Another heat-related lawsuit filed

BAD SITUATION — The interior of Angelica Kiersey’s apartment in Heritage Place has suffered water damage from burst pipes. -- Contributed
STEUBENVILLE — Another lawsuit has been filed against Heritage Place and its owners, this time by a young mother who has had six pipes burst in the past three weeks.
The suit, filed in Jefferson County Common Pleas Court on behalf of Heritage Place tenant Angelica Kiersey, alleges owners Green National and WG Heritage Place Ohio, and their management company, Beechwood-based ABC Management, failed to meet statutory requirements meant to ensure rental properties are habitable and safe for tenants. It claims they breached their duty to maintain the property and their contracts with tenants.
Kiersey, mother of a 1-year-old and pregnant with her second child, said her current apartment, a townhouse, hasn’t had heat since she moved into it in October. What she has had during the past few weeks is water — a lot of it–flooding her apartment after frozen pipes thawed out.
“I’ve had six of them, so far, in my living room,” she said. “The first one was close to the breaker box, I had to turn it off. I was very nervous of fire. That was the week before last. Next day, someone came out and dried up all the water and the next day the pipe guy came out and fixed (the leak.)
“But last week, on Thursday, my living room flooded again, and a guy came and busted holes in the wall,” she added.
Kiersey said no one has been back to fix her apartment since the second break: The holes are still open in her walls. Her sofa and area rug, which were completely saturated, remain waterlogged. Power was shut off in her kitchen and she lost the food that was in her refrigerator.
She said she needs the building managers to pen a letter to the Department of Jobs and Family Services, but no one will return her calls.
“Five pipes in all burst (the second time), and everything got ruined again,” Kiersey said. “The kitchen and living room flooded, I had to turn the power off. When they came, I told them, ‘I don’t know what’s going on, but you guys need to put us up in a hotel or something until you get it figured out.”
She said her couch and rug are still soaked.
“They said they were going to come and clean the couch, nobody’s come. They said they’re going to patch the walls, but they need to wait until it’s dry,” Kiersey said, pointing out the wall damage from the first burst pipe appears to be dry enough but the rest has a way to go. “Now the ceiling looks like it’s holding water and could come down at any time. I asked if they could send a letter because I lost food, now they’re not even answering my calls.”

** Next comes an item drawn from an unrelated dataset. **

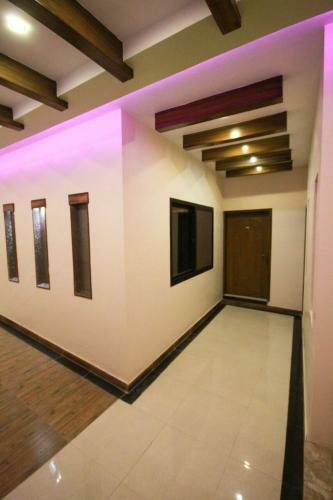 Hotel Regalia Inn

Her heat is also still out, she said. At best, temperatures in her apartment have hovered around 56 degrees, but she said they’ve been lower. During the recent cold spell Kiersey said it was so cold “you could see your breath.”
“If it’s not going stay warm in here, how are they going to prevent it from happening again?” she said, adding it feels like the powers-that-be “don’t care because they don’t have to live here.”
“I lived in another apartment here for a year, then moved (into this one),” she said. “I haven’t had heat this whole winter. When I was in the other one it didn’t have heat.”
Attorneys representing tenants in the two lawsuits say dozens of tenants have been without piped-in heat — relying only on small space heaters and ovens — since the first of December, including the sub-zero temperatures recorded locally earlier in the week.
A temporary restraining order was issued giving the defendants five days to restore heat to affected apartments and, in the interim or until the crisis was resolved, affected residents were to be temporarily rehoused — either in fully-furnished apartments in Steubenville or in hotels, in which case food costs would be included.
Green National and ABC Management have been served with that order–ABC Management on Jan. 22 and Green National, which has the same post office mailing address as WG Heritage Place, on Thursday.
None of the defendants were represented at an injunction hearing Friday, so due to non-service it was rescheduled for Feb. 7 at 10:30 a.m.
“I’m more frustrated and more hurt,” Kiersey said. “I respect people here, I don’t cause them problems — I literally stay in the house, gotto work and to church. I’m not a troublemaker. For them not to help and they know I have a child, it’s annoying — it’s not right. When pipes are busting every which way, that’s not something you can live with.”
Both lawsuits were filed by Legal Aid of Southeast and Central Ohio.